▽

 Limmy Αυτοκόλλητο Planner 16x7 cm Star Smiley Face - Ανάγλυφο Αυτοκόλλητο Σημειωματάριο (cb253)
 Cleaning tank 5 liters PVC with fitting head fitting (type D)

△
▽

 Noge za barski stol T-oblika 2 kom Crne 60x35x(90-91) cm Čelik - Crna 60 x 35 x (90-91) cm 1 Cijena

△

**Problem description:** Retype word for word everything in the listing above from the line that holds "Limmy Αυτοκόλλητο Planner" down to the line that holds "Cleaning tank 5". Keep both end lines and leave out the rest.

**Exercise output:**
 Limmy Αυτοκόλλητο Planner 16x7 cm Star Smiley Face - Ανάγλυφο Αυτοκόλλητο Σημειωματάριο (cb253)
 Cleaning tank 5 liters PVC with fitting head fitting (type D)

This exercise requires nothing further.